The ability to order plant-based milk without extra charges extends beyond the vegan community. Lactose intolerance is common among people of color. The practice of charging extra makes Starbucks inaccessible to customers. Dairy allergies are serious and the most common allergy for children under 16. This realization has led popular coffee chains to discontinue the practice of charging extra for alternative milk. Starbucks may retain and gain customers by following suit.
Beginnings of Change
Fortunately, the plea of concerned consumers has been heard and addressed in some areas of the world. Starbucks UK has committed to dropping the extra charge, and other countries across the globe have expressed interest in doing the same. To unite in solidarity with its many customers seeking plant-based options without barriers would be a massive sign of goodwill.
Protests Big and Small
The urgency to end the premium prices has been recognized and boosted by celebrity voices and influential organizations. Peta has increased pressure on Starbucks by organizing active protests like the one in Manhattan headlined by actor James Cromwell. While not every protest will make popular news, concerned consumers can still support the cause in their own way. Writing to corporation CEOs, choosing chains that support vegan causes, and signing petitions demanding change can help like-minded voices be heard.

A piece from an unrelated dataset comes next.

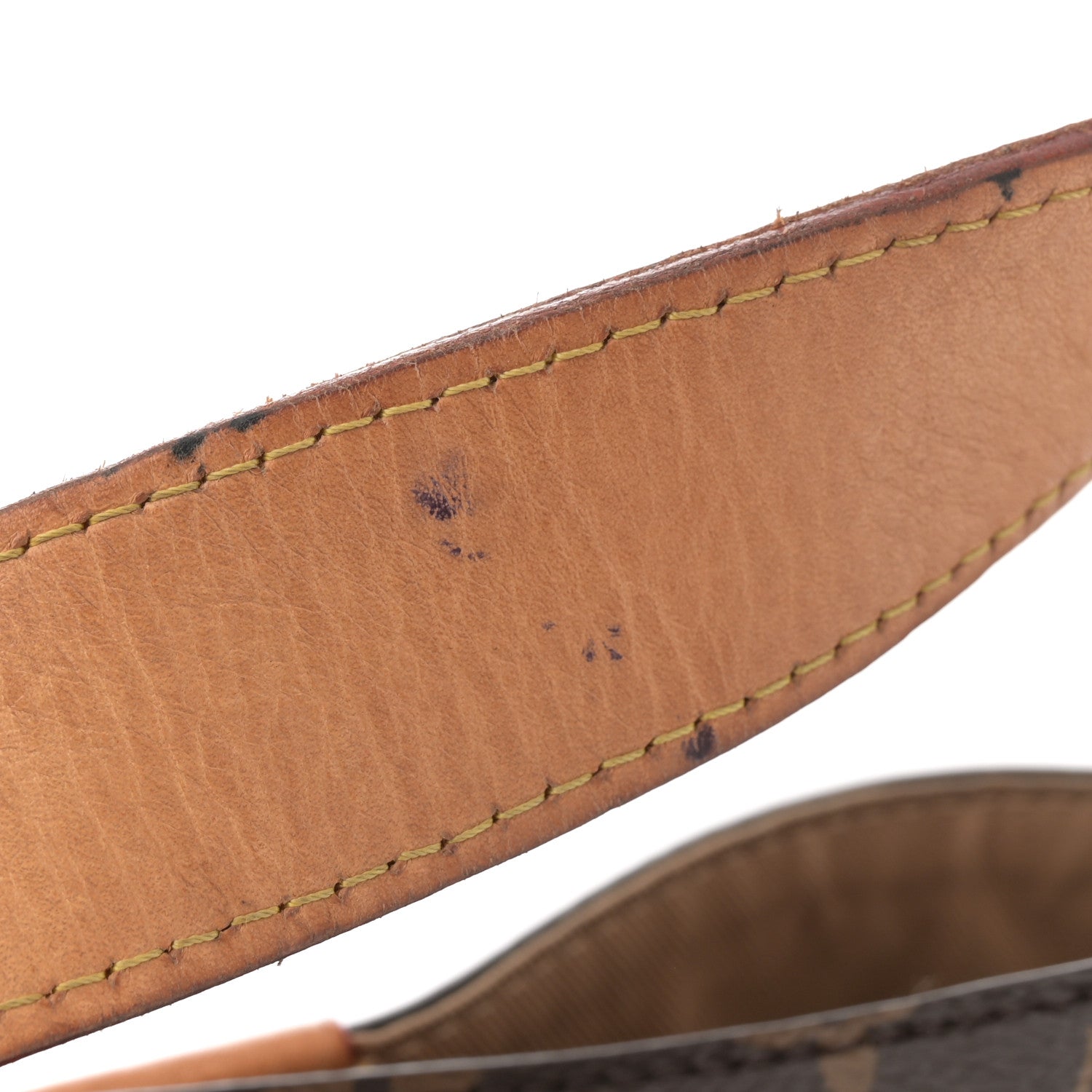 Louis Vuitton Monogram Graceful PM 14 of 14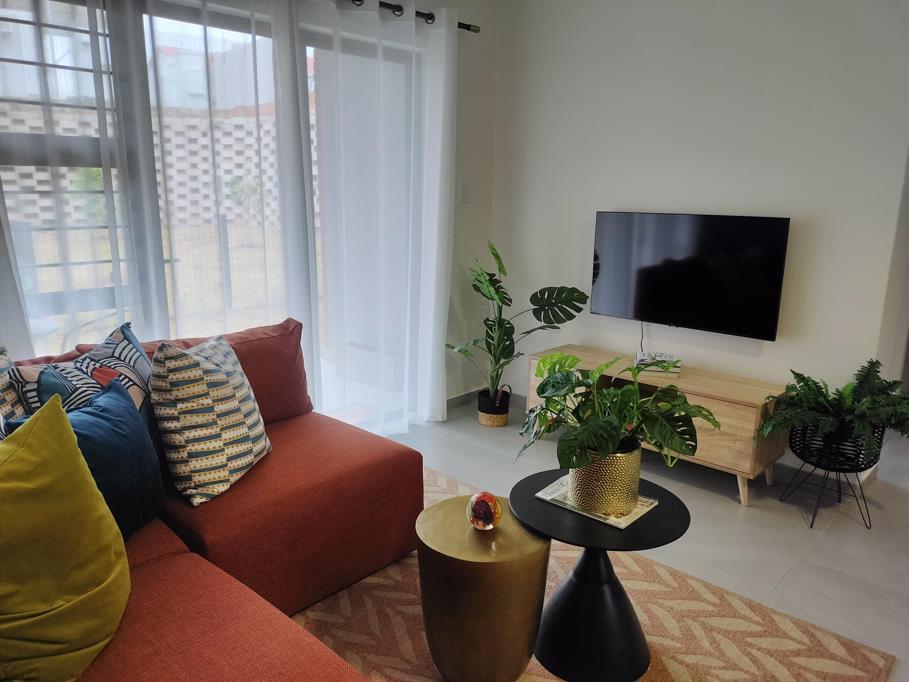 2 Bed Apartment, Tamboerskloof - Thumbnail 7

There is some good news on the horizon with the recent addition of CauliMilk to the Starbucks menu. At first glance, it seems to be a potential winner as far as being environmentally and allergy-friendly, and cruelty-free. The chain has committed to offering this alternative without the extra charges that most plant-based milk will incur. While this serves as a sign of progress, the sluggish response to years of protest is disheartening. Hopefully, a positive response will garner future decision-making that considers the conscious customers that desire their coffee without cruelty- or unnecessary charges.